To do:
Should the listing contain images, exclude them; give the rest again exactly.

Recorded data:
----------------

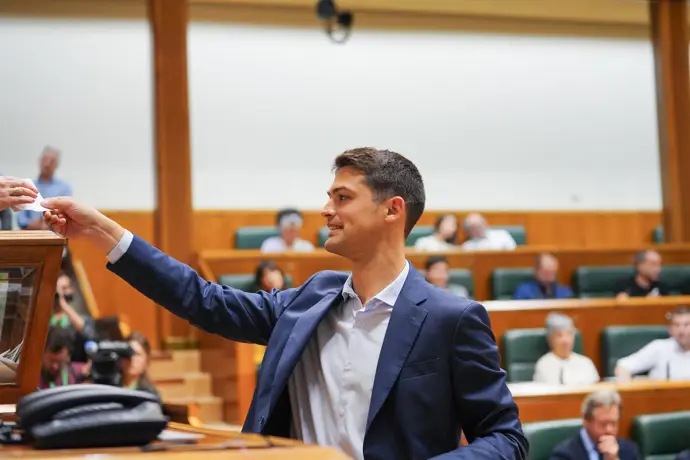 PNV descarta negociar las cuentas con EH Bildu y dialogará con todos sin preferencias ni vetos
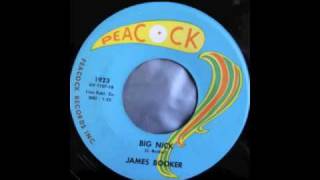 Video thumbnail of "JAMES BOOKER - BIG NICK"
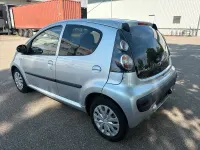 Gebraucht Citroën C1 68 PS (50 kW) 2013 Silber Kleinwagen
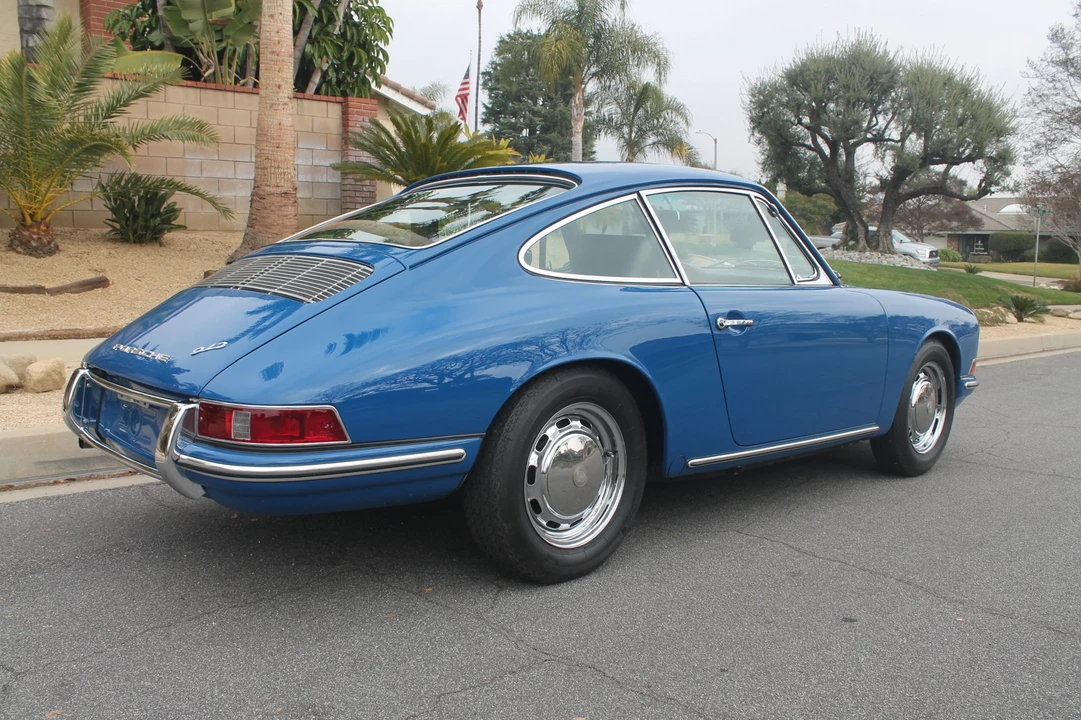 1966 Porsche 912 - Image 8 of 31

----------------

Response box:
 PNV descarta negociar las cuentas con EH Bildu y dialogará con todos sin preferencias ni vetos
 Video thumbnail of "JAMES BOOKER - BIG NICK"
 Gebraucht Citroën C1 68 PS (50 kW) 2013 Silber Kleinwagen
 1966 Porsche 912 - Image 8 of 31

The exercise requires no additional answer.